Coming at you with yet another great Clinical Problems in Consult Psychiatry (CPCP) presentation. CPCP is the ongoing quality improvement program in consultation psychiatry that is my answer to the Maintenance of Certification (MOC) Performance in Practice (PIP). This week one of our talented 3rd year medical students, Dwijavanthi Kumar, put together a game-changer on how consultation psychiatrists can improve on their ability to provide practical, evidence-based recommendations to help colleagues provide safe, humanistic, and excellent medical care to patients suffering from the behavioral challenges associated with acute traumatic brain injury (TBI). The issue with patients who have traumatic brain injuries is that they can be irritable, agitated, and aggressive. It’s not always appropriate to give them the usual antipsychotics that we often recommend for managing agitated and aggressive behavior that we might see in patients who are delirious for other medical reasons. Conceptually, psychiatric consultants frequently think of acute brain injury as being one of the many medical causes of delirium. Not all medical specialists think of acute TBI that way.
The challenge is to collaborate with physiatrists, rehabilitation specialists, and physical therapists based on the medical literature regarding the use of benzodiazepines and antipsychotics like haloperidol. Haldol is not the treatment for delirium; you’ve heard me say that here many times. However, the reason antipsychotics are often used is because patients who are disruptive and disorganized may behave in ways that make it difficult for the medical team to find and treat the underlying causes of delirium. And benzodiazepines can cause delirium by themselves, unless the cause of the delirium is alcohol or benzodiazepine withdrawal. What Dwijavanthi discovered is that the literature suffers from a dearth of controlled studies (there are actually none available) and that haloperidol and by extension other antipsychotics may impede recovery from TBI while prolonging post traumatic amnesia. Benzodiazepines can paradoxically disinhibit patients with TBI and make them even more aggressive.

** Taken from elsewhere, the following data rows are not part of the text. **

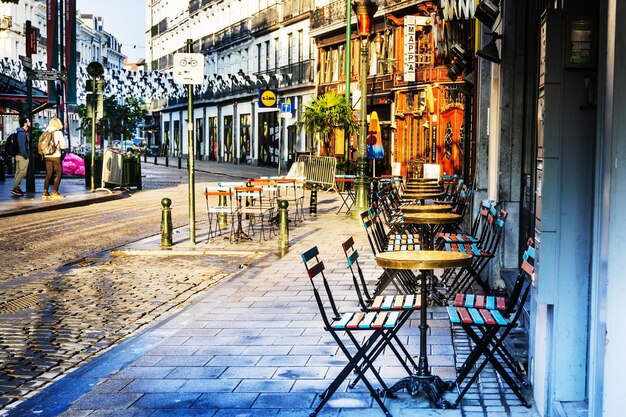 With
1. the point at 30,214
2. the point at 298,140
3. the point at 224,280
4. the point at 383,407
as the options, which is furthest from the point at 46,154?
the point at 298,140

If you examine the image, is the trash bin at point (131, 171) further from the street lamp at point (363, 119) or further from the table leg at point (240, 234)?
the table leg at point (240, 234)

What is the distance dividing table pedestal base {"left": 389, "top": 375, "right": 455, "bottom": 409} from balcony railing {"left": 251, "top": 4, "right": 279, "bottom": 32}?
49.1m

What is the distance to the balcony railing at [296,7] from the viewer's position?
49550 millimetres

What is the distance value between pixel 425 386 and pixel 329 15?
132 ft

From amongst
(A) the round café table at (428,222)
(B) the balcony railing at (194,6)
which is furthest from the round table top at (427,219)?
(B) the balcony railing at (194,6)

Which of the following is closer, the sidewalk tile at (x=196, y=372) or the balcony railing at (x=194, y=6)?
the sidewalk tile at (x=196, y=372)

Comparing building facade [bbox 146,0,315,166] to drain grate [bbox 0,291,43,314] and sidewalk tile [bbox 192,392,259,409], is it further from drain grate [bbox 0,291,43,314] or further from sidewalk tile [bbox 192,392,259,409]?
sidewalk tile [bbox 192,392,259,409]

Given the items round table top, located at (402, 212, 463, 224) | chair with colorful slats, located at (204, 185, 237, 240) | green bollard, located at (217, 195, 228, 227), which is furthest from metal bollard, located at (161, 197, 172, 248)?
round table top, located at (402, 212, 463, 224)

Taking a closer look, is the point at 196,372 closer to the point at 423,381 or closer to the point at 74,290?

As always, the main thing we can do is be there for patients struggling with their emotions, scattered thoughts, and impulsive behavior. They’re not always completely unaware of how their remarks, outbursts, and hurtful actions affect those around them, even to the point of alienating those who love them most. Loving them may not always seem like it’s enough. Caring for them may sometimes seem pointless. Don’t just do something… sit there. Sometimes just this can go a long way toward easing their pain.